● YOUR ASSIGNMENT: Search the listing for the word "feather" and copy every line where it turns up.

● MATERIAL PROVIDED:
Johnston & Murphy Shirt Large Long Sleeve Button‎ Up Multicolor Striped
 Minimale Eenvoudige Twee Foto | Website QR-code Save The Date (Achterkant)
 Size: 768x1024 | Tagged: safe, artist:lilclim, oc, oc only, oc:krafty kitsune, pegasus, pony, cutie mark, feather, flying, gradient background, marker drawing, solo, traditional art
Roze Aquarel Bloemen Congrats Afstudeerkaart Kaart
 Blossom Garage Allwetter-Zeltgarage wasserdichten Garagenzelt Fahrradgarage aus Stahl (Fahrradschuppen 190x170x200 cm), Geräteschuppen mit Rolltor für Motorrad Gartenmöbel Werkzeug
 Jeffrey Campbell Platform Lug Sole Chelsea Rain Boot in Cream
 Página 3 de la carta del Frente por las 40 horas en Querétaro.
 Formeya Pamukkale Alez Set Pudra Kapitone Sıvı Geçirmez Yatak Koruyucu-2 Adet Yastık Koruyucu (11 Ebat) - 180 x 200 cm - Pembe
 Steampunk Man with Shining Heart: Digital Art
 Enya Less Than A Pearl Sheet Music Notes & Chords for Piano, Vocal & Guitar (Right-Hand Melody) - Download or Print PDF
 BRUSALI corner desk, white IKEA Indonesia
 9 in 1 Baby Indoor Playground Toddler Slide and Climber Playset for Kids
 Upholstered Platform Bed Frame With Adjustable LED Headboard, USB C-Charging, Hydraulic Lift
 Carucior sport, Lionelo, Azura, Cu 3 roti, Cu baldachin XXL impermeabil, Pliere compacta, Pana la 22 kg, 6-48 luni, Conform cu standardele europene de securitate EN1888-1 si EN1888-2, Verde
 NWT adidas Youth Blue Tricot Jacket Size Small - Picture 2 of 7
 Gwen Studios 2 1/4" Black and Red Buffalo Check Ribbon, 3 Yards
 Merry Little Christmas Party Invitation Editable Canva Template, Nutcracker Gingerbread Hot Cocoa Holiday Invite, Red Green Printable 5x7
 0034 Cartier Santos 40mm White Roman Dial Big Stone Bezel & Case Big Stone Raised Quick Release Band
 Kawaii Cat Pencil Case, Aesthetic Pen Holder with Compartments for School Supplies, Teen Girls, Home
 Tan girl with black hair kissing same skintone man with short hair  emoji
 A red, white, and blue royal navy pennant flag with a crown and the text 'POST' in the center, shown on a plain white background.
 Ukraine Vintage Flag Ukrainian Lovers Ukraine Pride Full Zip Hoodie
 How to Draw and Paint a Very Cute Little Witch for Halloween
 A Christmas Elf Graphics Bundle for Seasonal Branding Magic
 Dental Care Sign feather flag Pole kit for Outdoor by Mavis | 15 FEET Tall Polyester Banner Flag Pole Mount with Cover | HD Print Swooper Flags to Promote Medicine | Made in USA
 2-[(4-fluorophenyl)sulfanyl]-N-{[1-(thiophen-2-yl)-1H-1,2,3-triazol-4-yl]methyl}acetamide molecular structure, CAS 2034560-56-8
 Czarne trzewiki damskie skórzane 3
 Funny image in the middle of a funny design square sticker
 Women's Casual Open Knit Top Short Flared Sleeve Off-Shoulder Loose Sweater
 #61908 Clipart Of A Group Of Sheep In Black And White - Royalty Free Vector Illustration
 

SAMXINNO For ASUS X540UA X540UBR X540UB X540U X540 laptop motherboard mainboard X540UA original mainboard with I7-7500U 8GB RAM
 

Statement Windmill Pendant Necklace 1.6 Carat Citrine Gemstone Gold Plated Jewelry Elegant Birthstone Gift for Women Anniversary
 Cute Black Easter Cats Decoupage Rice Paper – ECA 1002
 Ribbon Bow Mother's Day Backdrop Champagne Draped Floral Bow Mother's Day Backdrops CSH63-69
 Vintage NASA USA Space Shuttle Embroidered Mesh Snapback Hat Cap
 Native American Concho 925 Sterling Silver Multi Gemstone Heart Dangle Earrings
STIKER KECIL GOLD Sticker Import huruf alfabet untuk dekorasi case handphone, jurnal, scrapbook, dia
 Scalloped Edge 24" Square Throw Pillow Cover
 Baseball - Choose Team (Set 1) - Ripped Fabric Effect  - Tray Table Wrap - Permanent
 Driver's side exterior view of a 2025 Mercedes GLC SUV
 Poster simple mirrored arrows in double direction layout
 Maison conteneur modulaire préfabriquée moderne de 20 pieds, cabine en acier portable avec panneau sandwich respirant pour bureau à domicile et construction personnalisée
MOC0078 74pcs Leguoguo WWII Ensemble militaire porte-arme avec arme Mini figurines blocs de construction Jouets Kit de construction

● EXERCISE RESULT:
 Size: 768x1024 | Tagged: safe, artist:lilclim, oc, oc only, oc:krafty kitsune, pegasus, pony, cutie mark, feather, flying, gradient background, marker drawing, solo, traditional art
 Dental Care Sign feather flag Pole kit for Outdoor by Mavis | 15 FEET Tall Polyester Banner Flag Pole Mount with Cover | HD Print Swooper Flags to Promote Medicine | Made in USA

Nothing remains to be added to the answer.